**Problem requirements:** The required output is the run of lines from the one holding "gambar nasi kandar" through the final line of the listing, restated word for word, with no pictures.

**Recorded data:**
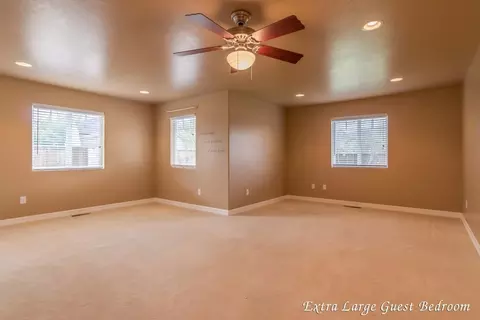 3524 Grant Rd, Central Point, OR 97502 photo 12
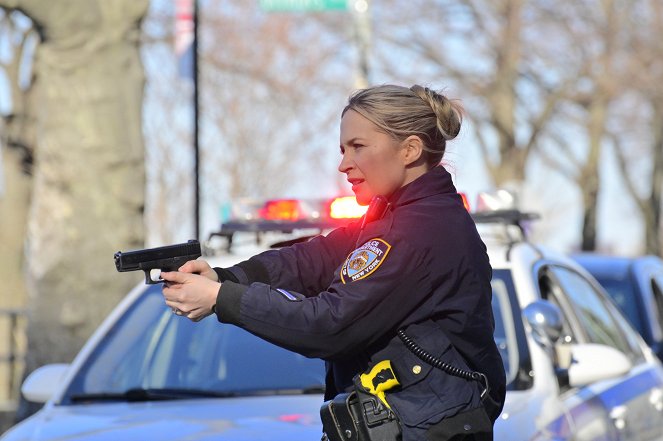Blue Bloods - Crime Scene New York - Happy Endings - Photos - Vanessa Ray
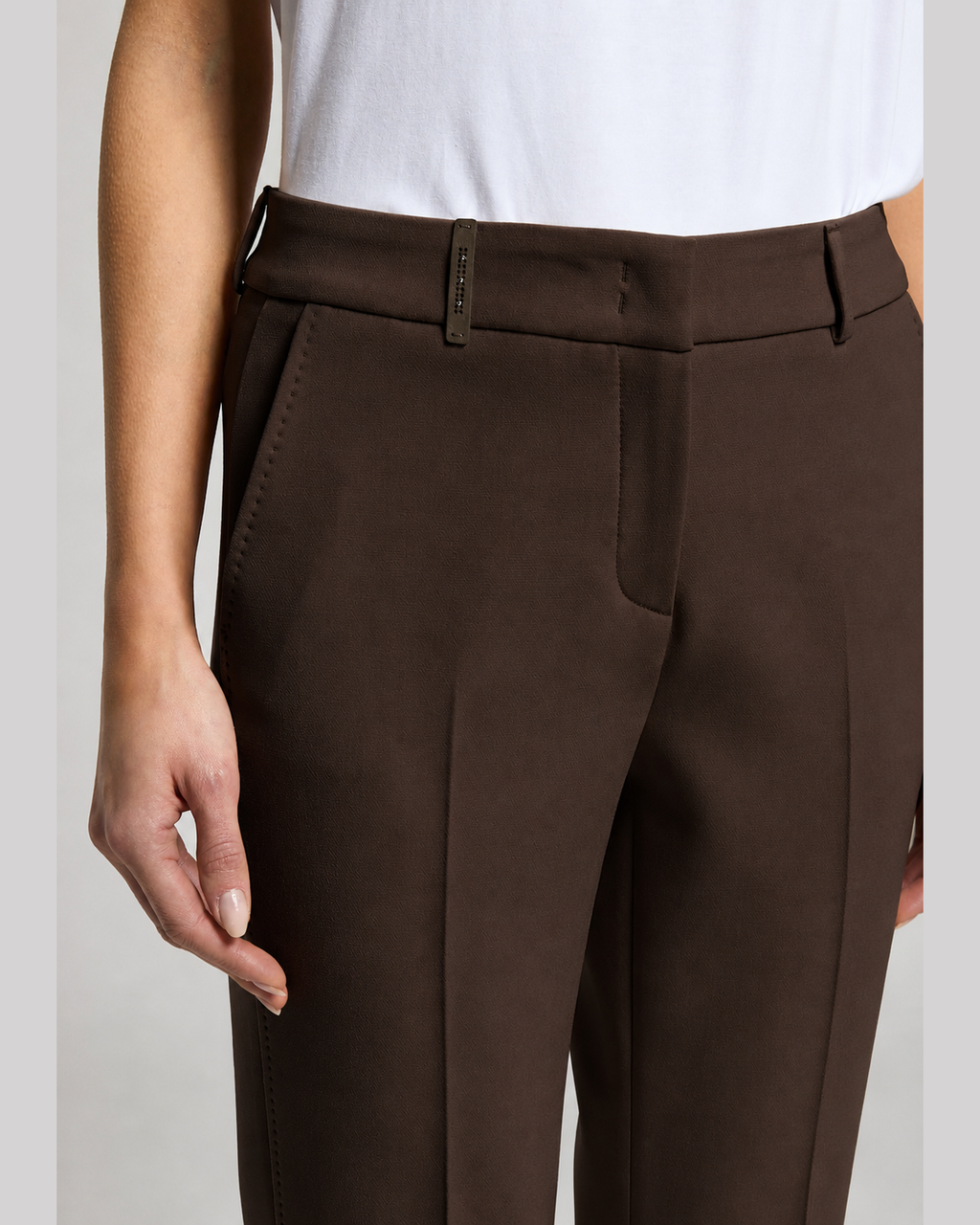 Peserico, pantalone a sigaretta in tela tecnica – immagine 2
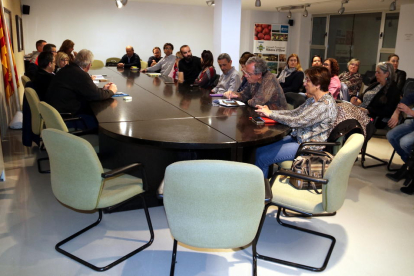 La reunión de los alcaldes de la Ribera d'Ebre y otras entidades contrarias al vertedero de Riba-roja d'Ebre.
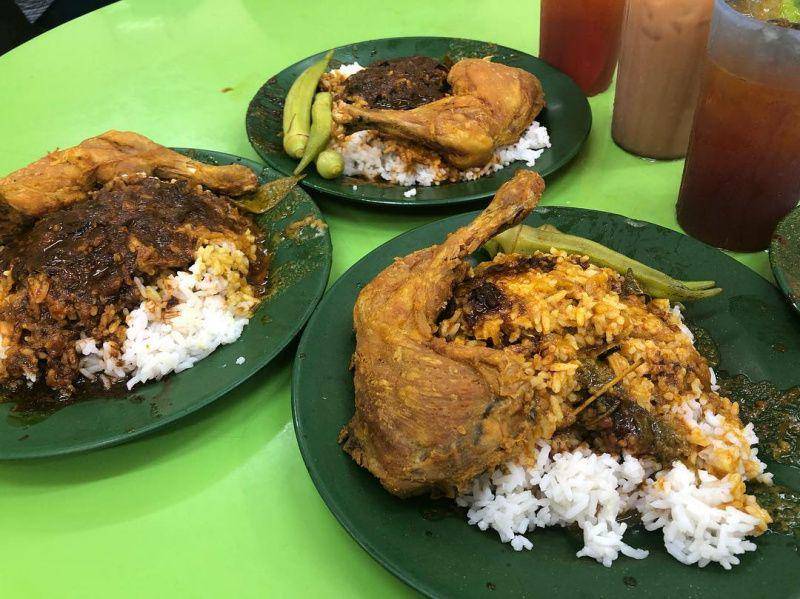 gambar nasi kandar Deen Jelutong (instagram.com/masturah_abhalim)
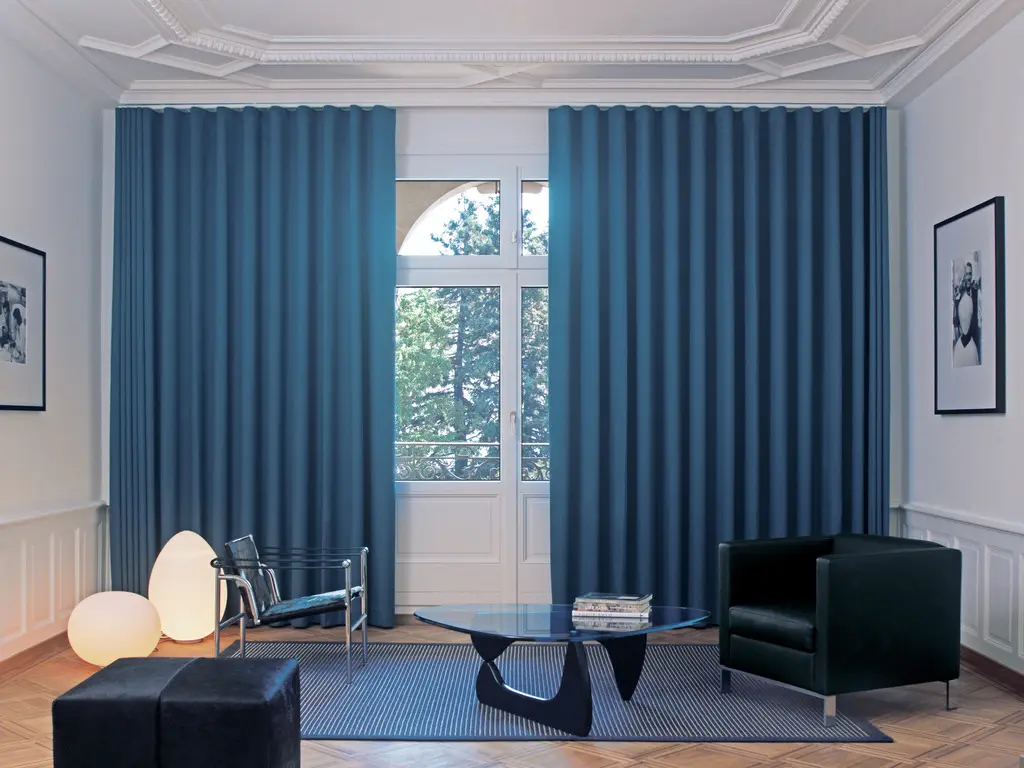 Custom eyelet curtains Dubai with stylish designs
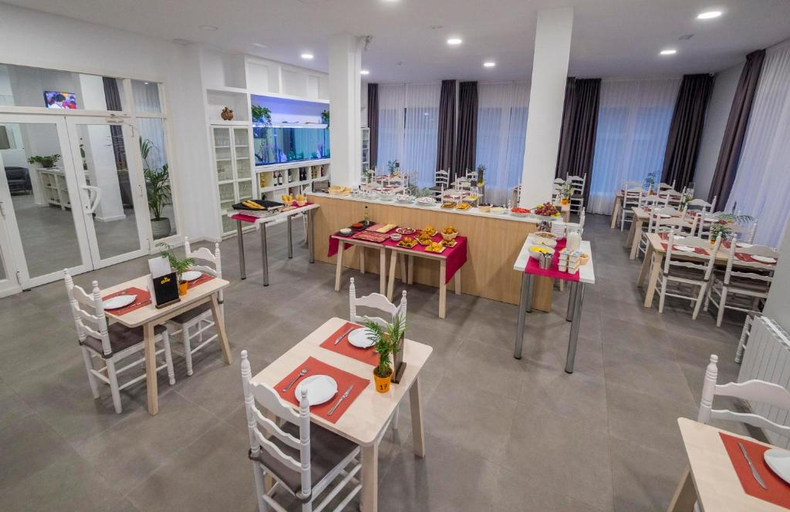 Food & Drinks 5, Hotel Checkin Victoria, Girona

**Response box:**
 gambar nasi kandar Deen Jelutong (instagram.com/masturah_abhalim)
 Custom eyelet curtains Dubai with stylish designs
 Food & Drinks 5, Hotel Checkin Victoria, Girona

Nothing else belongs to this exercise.